On 12 December 1901, Guglielmo Marconi and his assistant, George Kemp, heard the faint clicks of Morse code for the letter "s" transmitted without wires across the Atlantic Ocean. This achievement, the first reception of transatlantic radio signals, led to considerable advances in both science and technology. It demonstrated that radio transmission was not bounded by the horizon, thus prompting Arthur Kennelly and Oliver Heaviside to suggest, shortly thereafter, the existence of a layer of ionized air in the upper atmosphere (the Kennelly-Heaviside layer, now called the ionosphere). Marconi's experiment also gave the new technology of "wireless telegraphy" a global dimension that eventually made radio one of the major forms of communication in the twentieth century.
In 1901, Marconi built a powerful wireless station at Poldhu, Cornwall, (corresponding IEEE Milestone) in preparation for a transatlantic test. The spark-gap transmitter fed a mammoth antenna array -- four hundred wires suspended from 20 masts, each 200 feet tall, placed in a circle. A similar station was set up on the American side of the Atlantic at South Wellfleet, Cape Cod.
Then a series of disasters struck. On 17 September a ferocious gale hit the Poldhu station, destroying the elaborate antenna system. A temporary one was put in its place a week later, but tests showed that it was too inefficient to reach the Cape Cod station. Consequently, before leaving England for North America, Marconi decided to set up his equipment at St. John's, Newfoundland, which was much closer to Poldhu. The decision proved academic in any case, because on 26 November, the day before Marconi's scheduled departure, the Cape Cod antenna blew down in a hurricane.

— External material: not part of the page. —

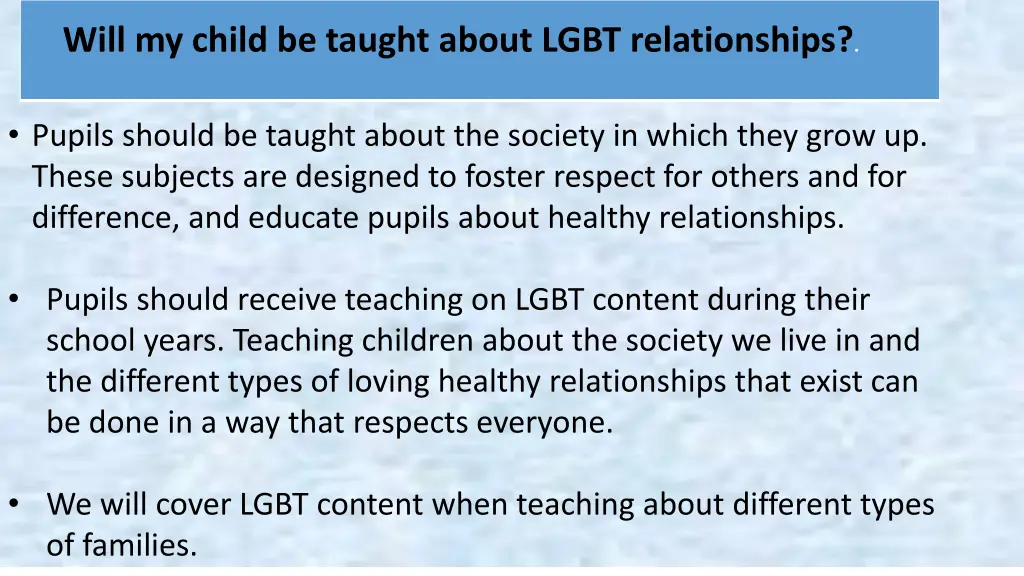 will my child be taught about lgbt relationships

Landing at St. John's on 6 December, Marconi and his assistants set up their experimental apparatus on a table in the Signal Hill barracks near the harbor. Meanwhile, an improved antenna: had been installed at the Poldhu station, whose operators had instructions to send Morse code for the letter "s" from 3 to 7 pm (GMT) starting on 11 December. Marconi tested the winds on the 10th by sending aloft a kite trailing a wire antenna, but the kite broke loose. At the prearranged time on the 11th, Marconi and his assistants sent up a balloon, but heard nothing from their receiver. They next dispensed with the tuned receiver and tried a more sensitive detector, but the balloon broke loose. On the 12th, a strong gale still blew and carried away the first kite they sent up. The second kite, which trailed 500 feet of antenna wire, stayed up long enough for Marconi and Kemp to hear the transatlantic signals through a telephone earpiece connected to the receiver. Marconi's diary for that date has the simple entry, "Sigs. at 12:30, 1:10 and 2:20. 11 more signals were confirmed on the next day, Friday the 13th, but none on Saturday. On Monday the 16th, Marconi released the news to the press and then began packing for a new location because the Anglo-American Telegraph Company threatened legal action for violating its communication monopoly in Newfoundland.

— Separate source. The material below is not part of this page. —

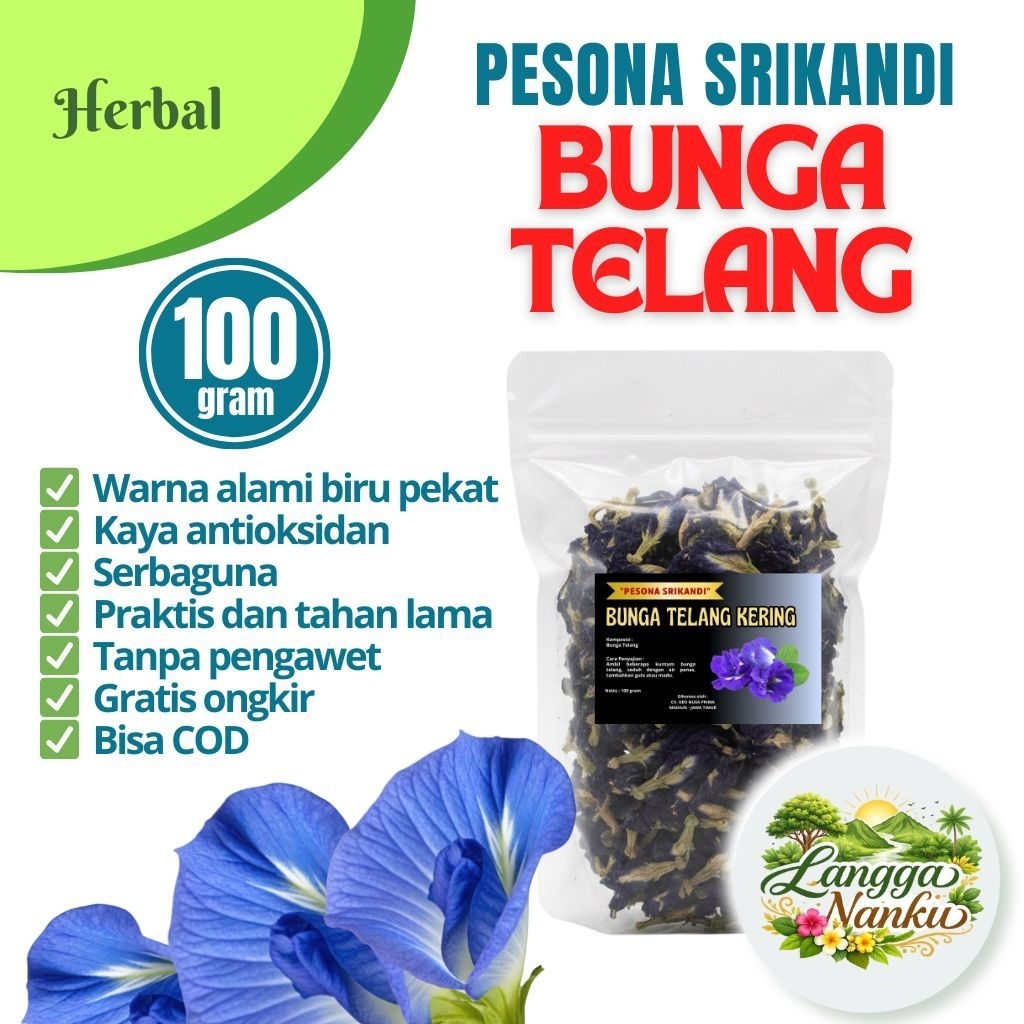 Bunga Telang Kering 100 gram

Marconi's announcement met with enthusiastic acclaim, but also with some skepticism. After all, the only witness was George Kemp, hardly an impartial observer, and the signals were too weak to operate an automatic recorder. Two months later, though, Marconi received transatlantic signals of sufficient strength from Poldhu to operate a Morse inker in the presence of witnesses. (Although later knowledge of radio-wave propagation indicates that the Signal Hill reception occurred under inopportune conditions, recent historians have suggested that Marconi picked up a high-frequency harmonic on his un-tuned receiver.) In January 1902, between the time of the Signal Hill reception and the later verification, the American Institute of Electrical Engineers held their annual dinner meeting in honor of Marconi. In attendance were such electrical engineering notables as Alexander Graham Bell, Charles Proteus Steinmetz, and Michael Pupin. Thomas Edison, who sent his regrets, called Marconi "the young man who had the monumental audacity to attempt, and succeed in, jumping an electrical wave clear across the Atlantic Ocean."